Source data:
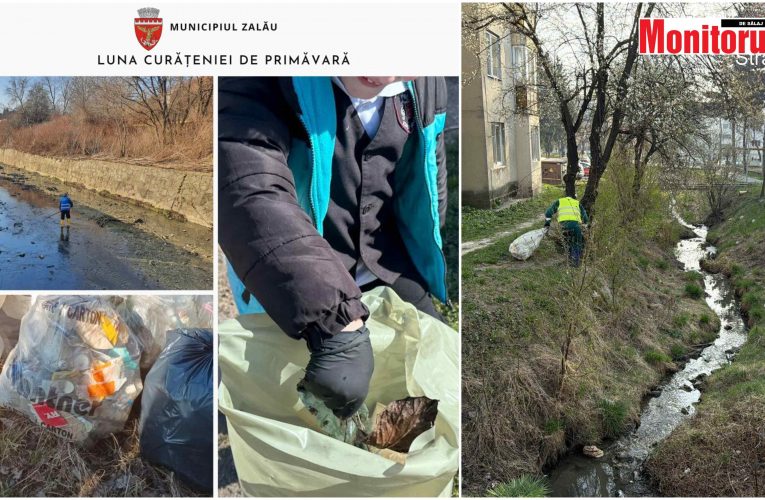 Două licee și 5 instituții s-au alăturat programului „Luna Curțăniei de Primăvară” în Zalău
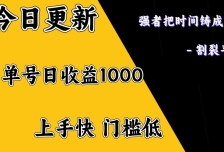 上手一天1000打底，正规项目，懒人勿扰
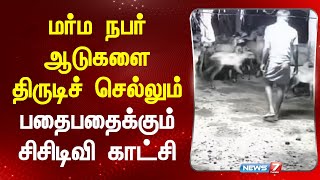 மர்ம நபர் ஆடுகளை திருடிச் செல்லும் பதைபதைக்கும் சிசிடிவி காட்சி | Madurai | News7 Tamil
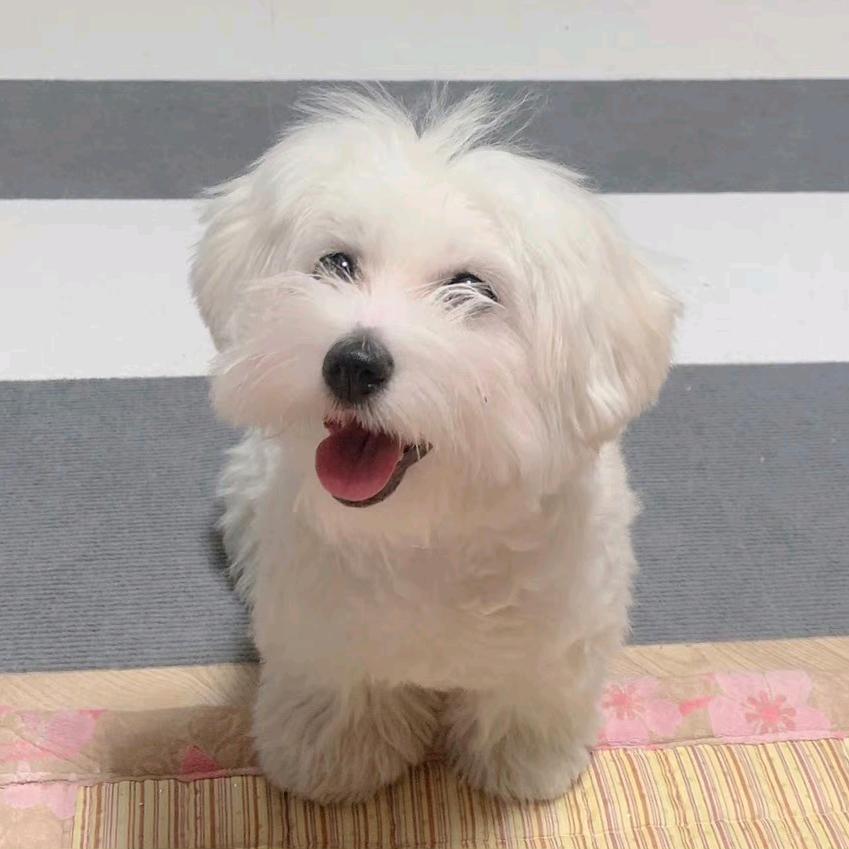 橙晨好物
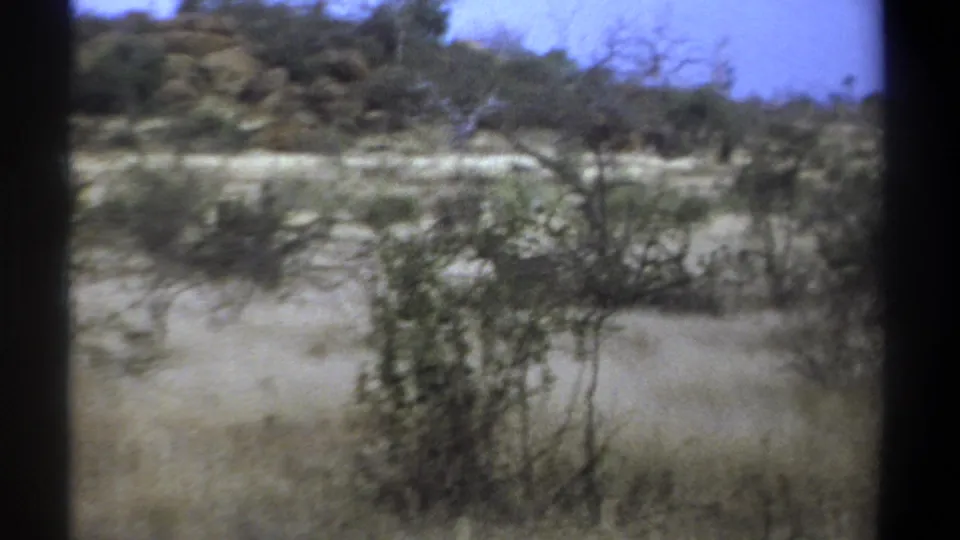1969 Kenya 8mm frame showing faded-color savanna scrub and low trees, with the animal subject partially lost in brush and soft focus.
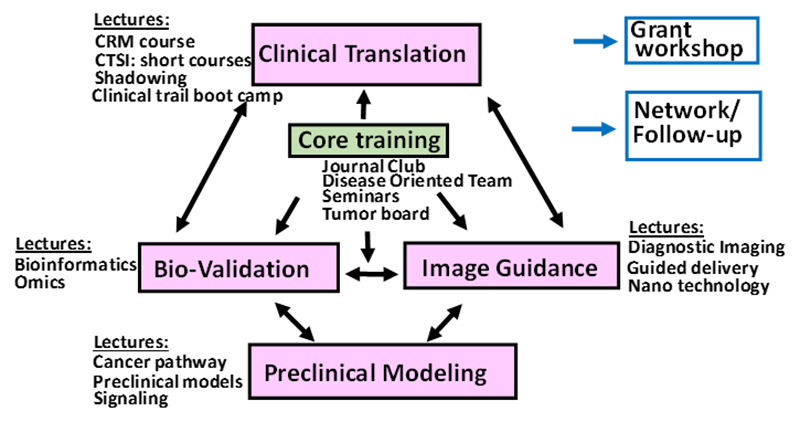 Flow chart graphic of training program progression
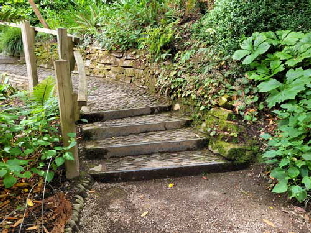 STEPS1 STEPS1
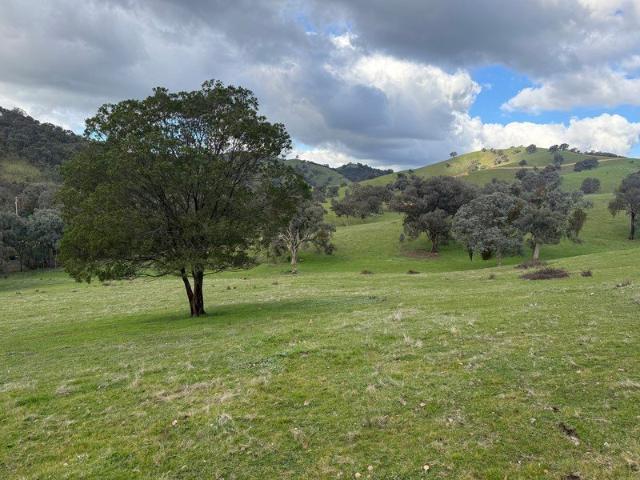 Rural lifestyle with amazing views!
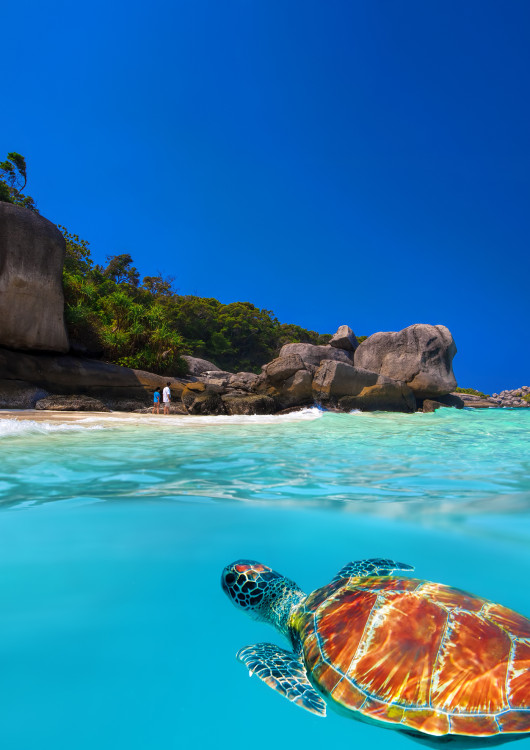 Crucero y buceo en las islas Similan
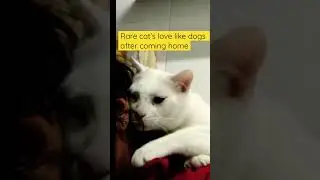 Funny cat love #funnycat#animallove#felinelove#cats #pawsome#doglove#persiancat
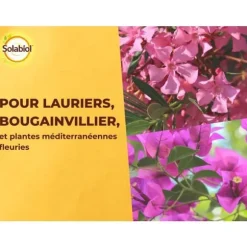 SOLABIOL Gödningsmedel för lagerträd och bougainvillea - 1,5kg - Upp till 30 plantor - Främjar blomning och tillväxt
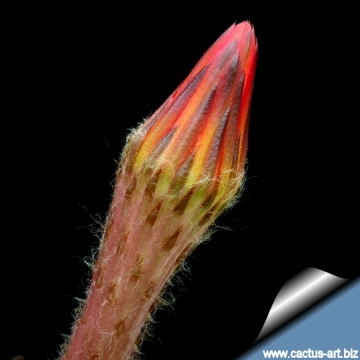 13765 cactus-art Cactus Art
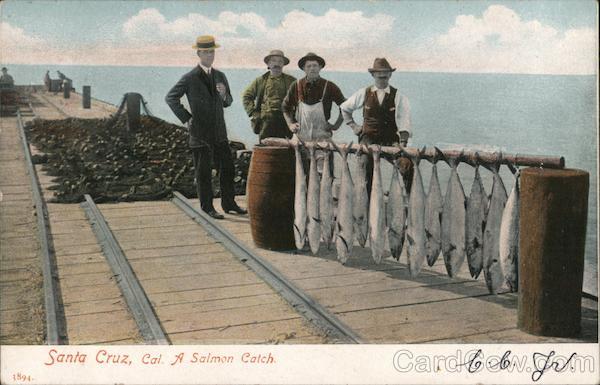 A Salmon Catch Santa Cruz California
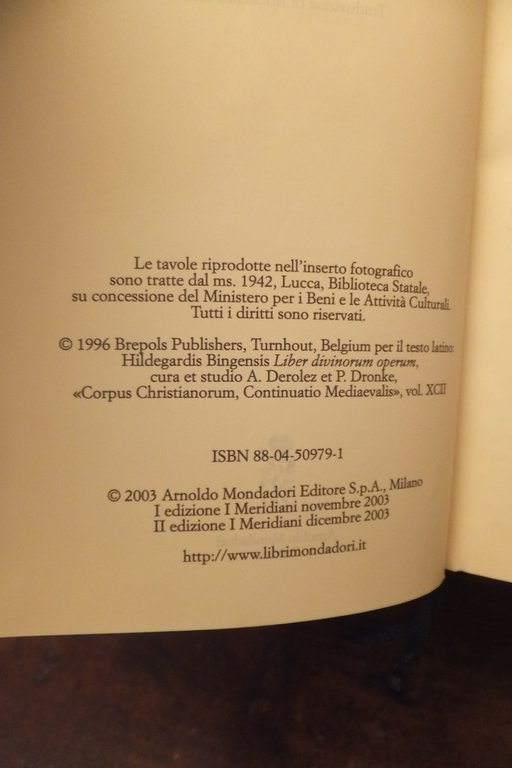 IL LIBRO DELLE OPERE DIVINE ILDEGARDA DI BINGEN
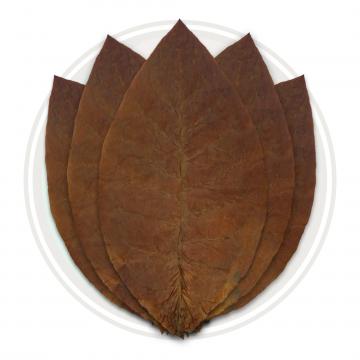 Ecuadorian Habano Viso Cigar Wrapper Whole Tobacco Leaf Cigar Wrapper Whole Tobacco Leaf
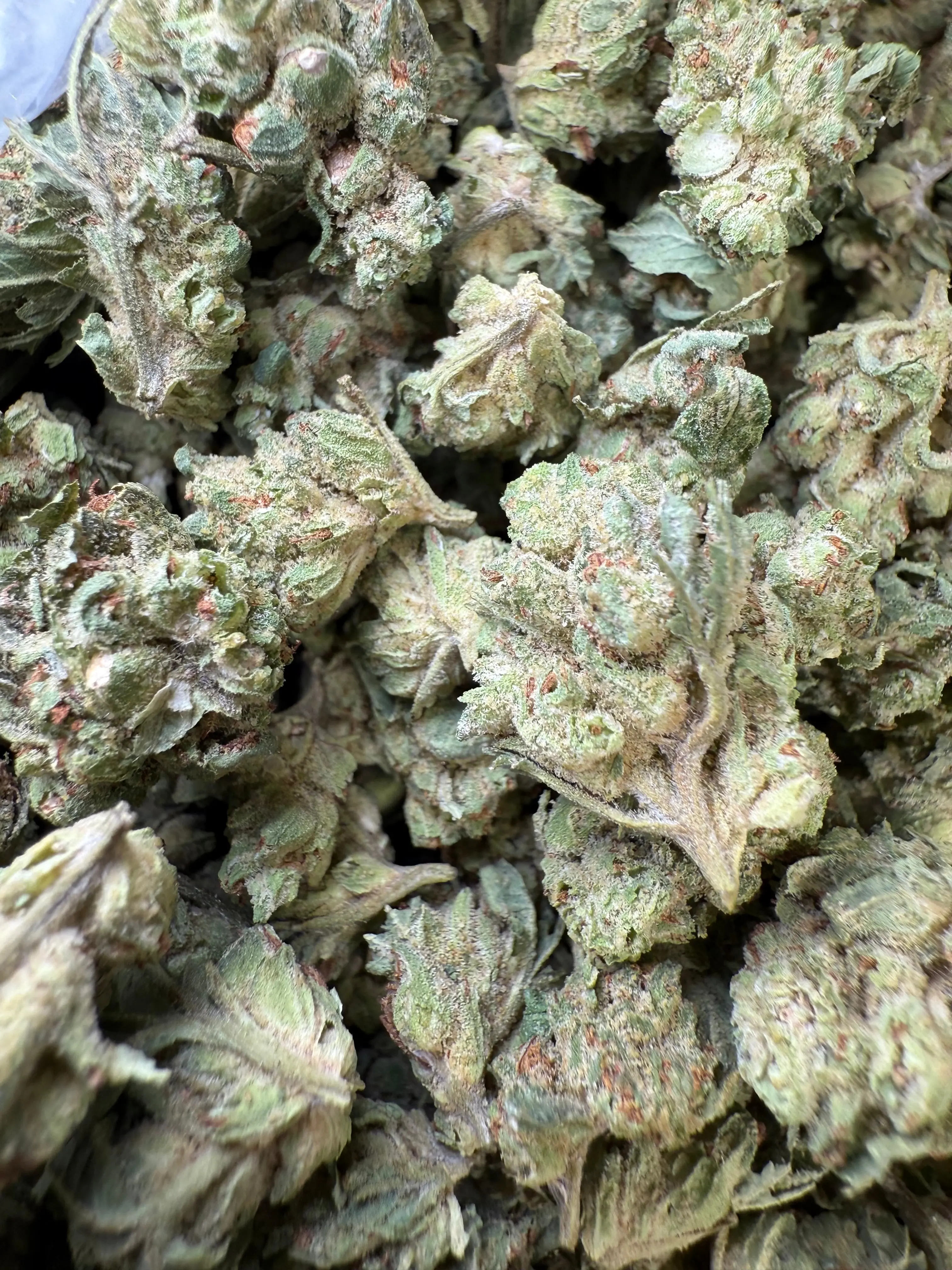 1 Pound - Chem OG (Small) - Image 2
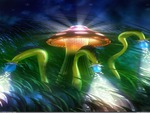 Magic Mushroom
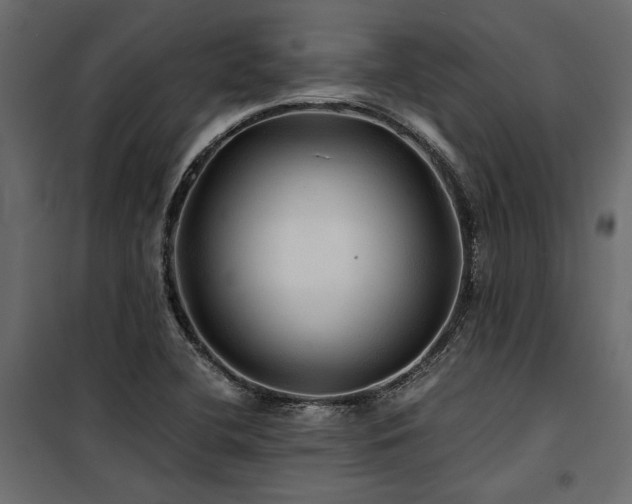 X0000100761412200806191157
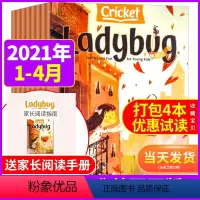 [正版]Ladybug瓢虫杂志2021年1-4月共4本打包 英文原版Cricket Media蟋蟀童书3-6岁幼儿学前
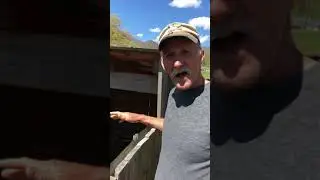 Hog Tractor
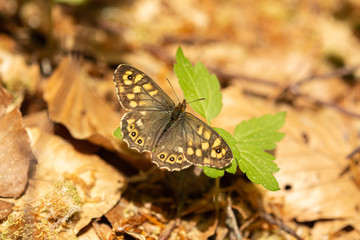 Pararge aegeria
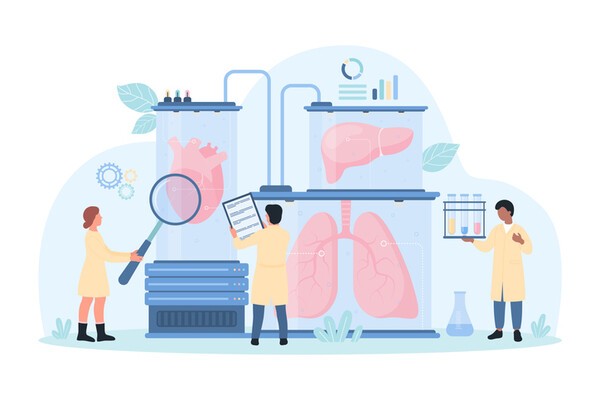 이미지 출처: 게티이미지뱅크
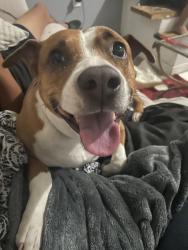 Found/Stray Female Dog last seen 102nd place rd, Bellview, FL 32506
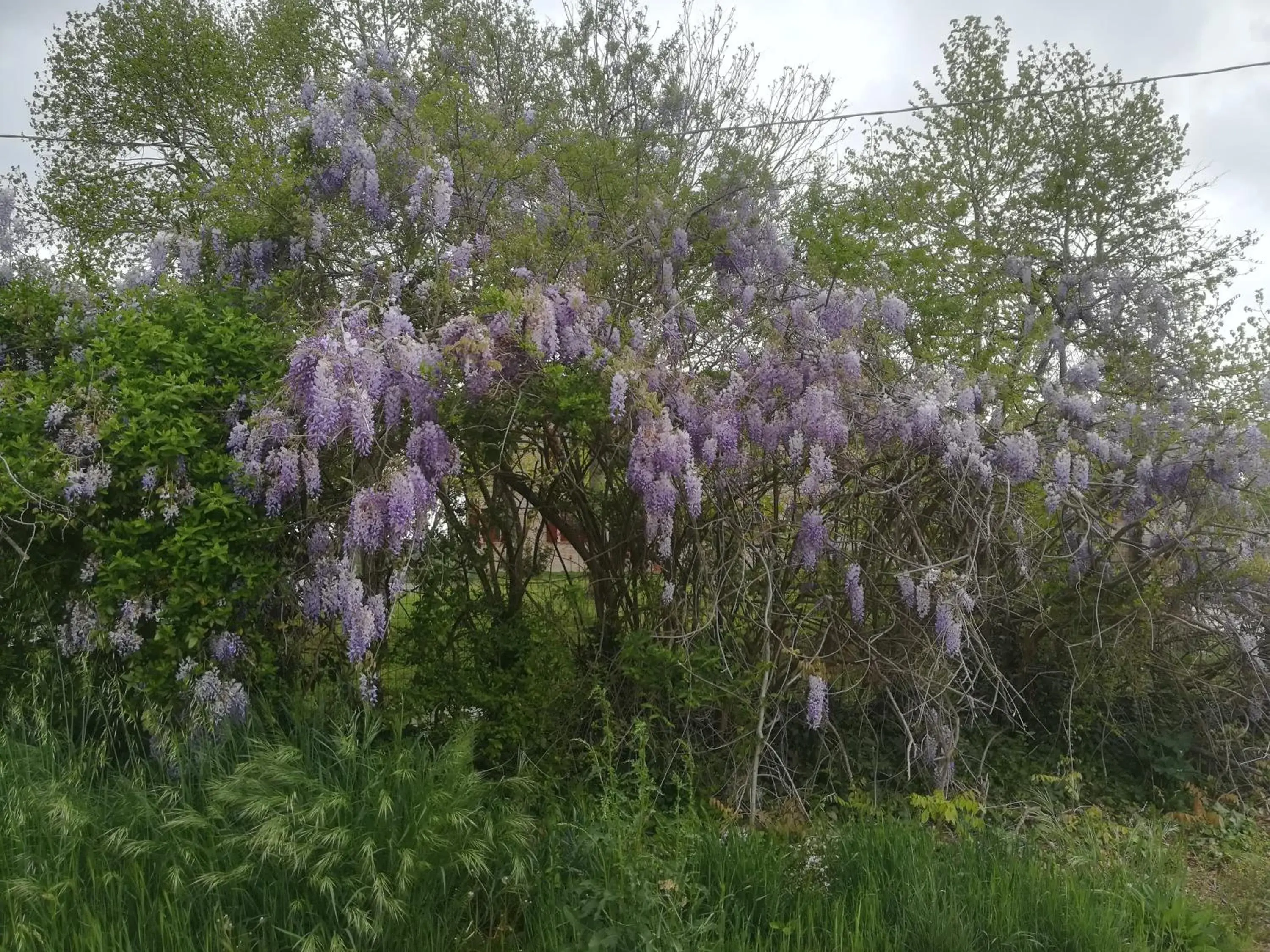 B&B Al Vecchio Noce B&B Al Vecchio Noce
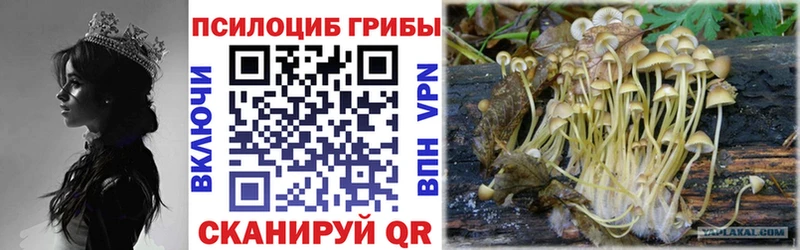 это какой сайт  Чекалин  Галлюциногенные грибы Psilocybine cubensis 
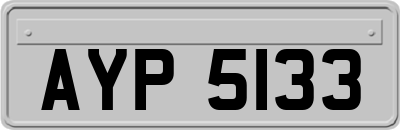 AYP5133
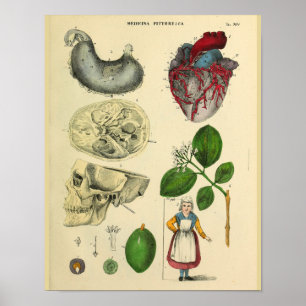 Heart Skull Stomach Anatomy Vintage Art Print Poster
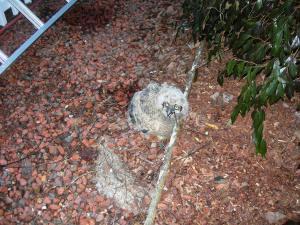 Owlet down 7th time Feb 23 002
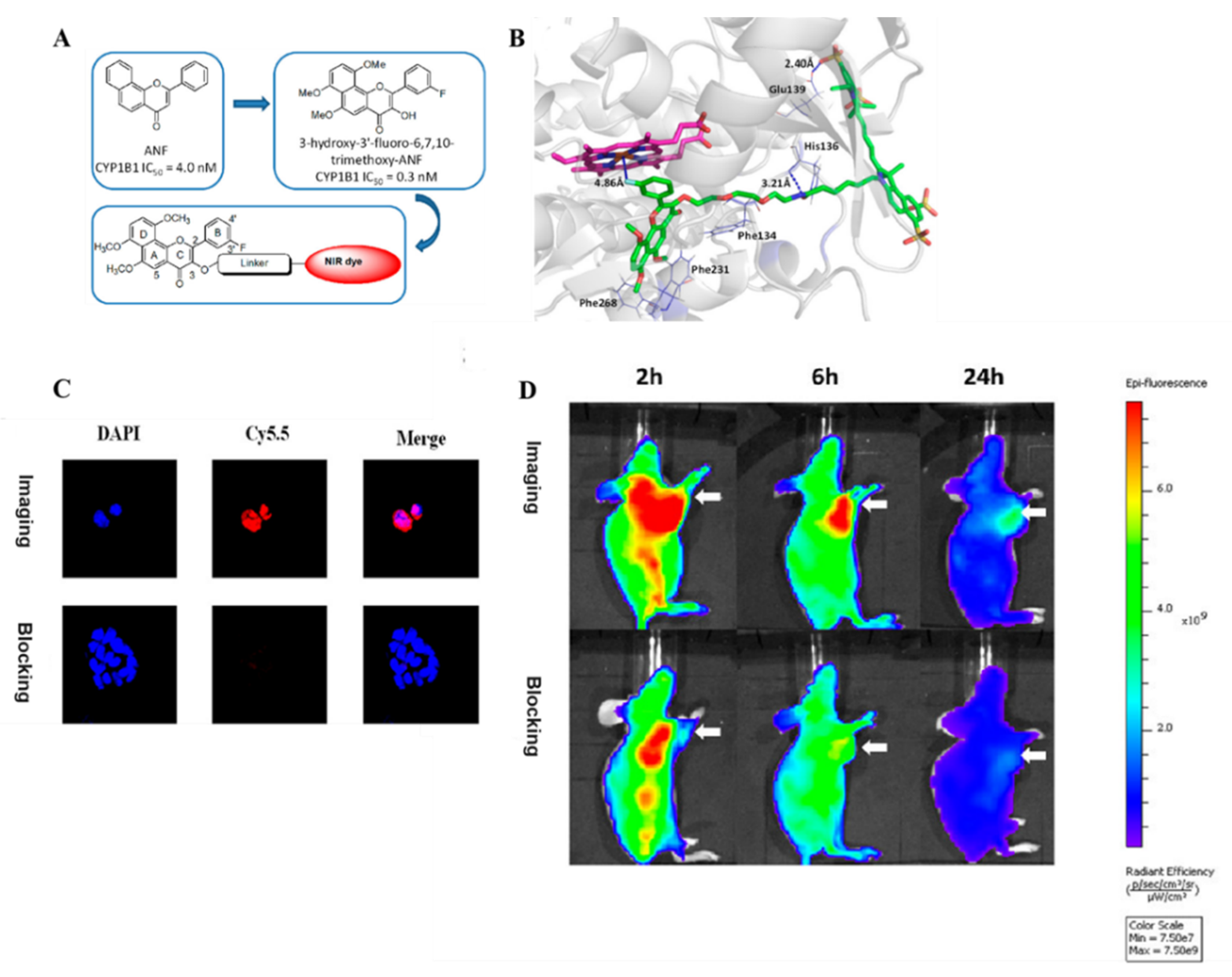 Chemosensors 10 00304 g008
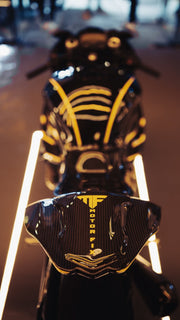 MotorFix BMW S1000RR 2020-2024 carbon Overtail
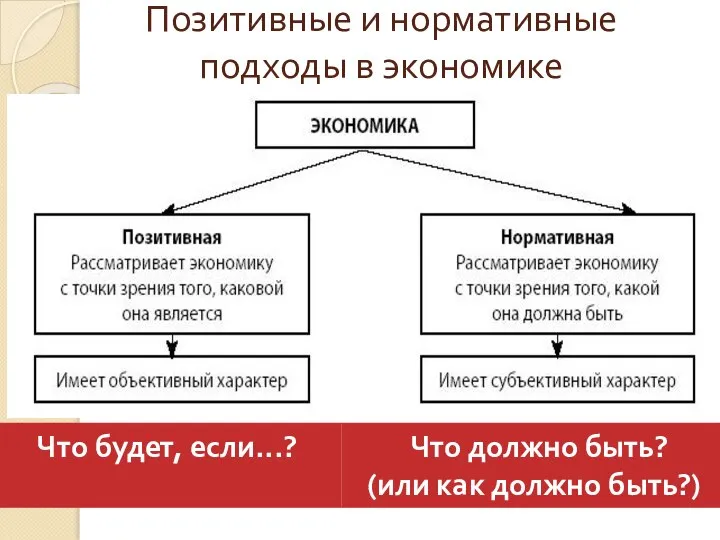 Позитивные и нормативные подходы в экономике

Task prompt:
Output every record above exactly as written, but skip the pictures.

Output of the exercise:
 Două licee și 5 instituții s-au alăturat programului „Luna Curțăniei de Primăvară” în Zalău
 上手一天1000打底，正规项目，懒人勿扰
 மர்ம நபர் ஆடுகளை திருடிச் செல்லும் பதைபதைக்கும் சிசிடிவி காட்சி | Madurai | News7 Tamil
 橙晨好物
1969 Kenya 8mm frame showing faded-color savanna scrub and low trees, with the animal subject partially lost in brush and soft focus.
 Flow chart graphic of training program progression
 STEPS1 STEPS1
 Rural lifestyle with amazing views!
 Crucero y buceo en las islas Similan
 Funny cat love #funnycat#animallove#felinelove#cats #pawsome#doglove#persiancat
 SOLABIOL Gödningsmedel för lagerträd och bougainvillea - 1,5kg - Upp till 30 plantor - Främjar blomning och tillväxt
 13765 cactus-art Cactus Art
 A Salmon Catch Santa Cruz California
 IL LIBRO DELLE OPERE DIVINE ILDEGARDA DI BINGEN
 Ecuadorian Habano Viso Cigar Wrapper Whole Tobacco Leaf Cigar Wrapper Whole Tobacco Leaf
 1 Pound - Chem OG (Small) - Image 2
 Magic Mushroom
 X0000100761412200806191157
 [正版]Ladybug瓢虫杂志2021年1-4月共4本打包 英文原版Cricket Media蟋蟀童书3-6岁幼儿学前
 Hog Tractor
 Pararge aegeria
 이미지 출처: 게티이미지뱅크
 Found/Stray Female Dog last seen 102nd place rd, Bellview, FL 32506
 B&B Al Vecchio Noce B&B Al Vecchio Noce
 это какой сайт  Чекалин  Галлюциногенные грибы Psilocybine cubensis 
 AYP5133
 Heart Skull Stomach Anatomy Vintage Art Print Poster
 Owlet down 7th time Feb 23 002
 Chemosensors 10 00304 g008
 MotorFix BMW S1000RR 2020-2024 carbon Overtail
 Позитивные и нормативные подходы в экономике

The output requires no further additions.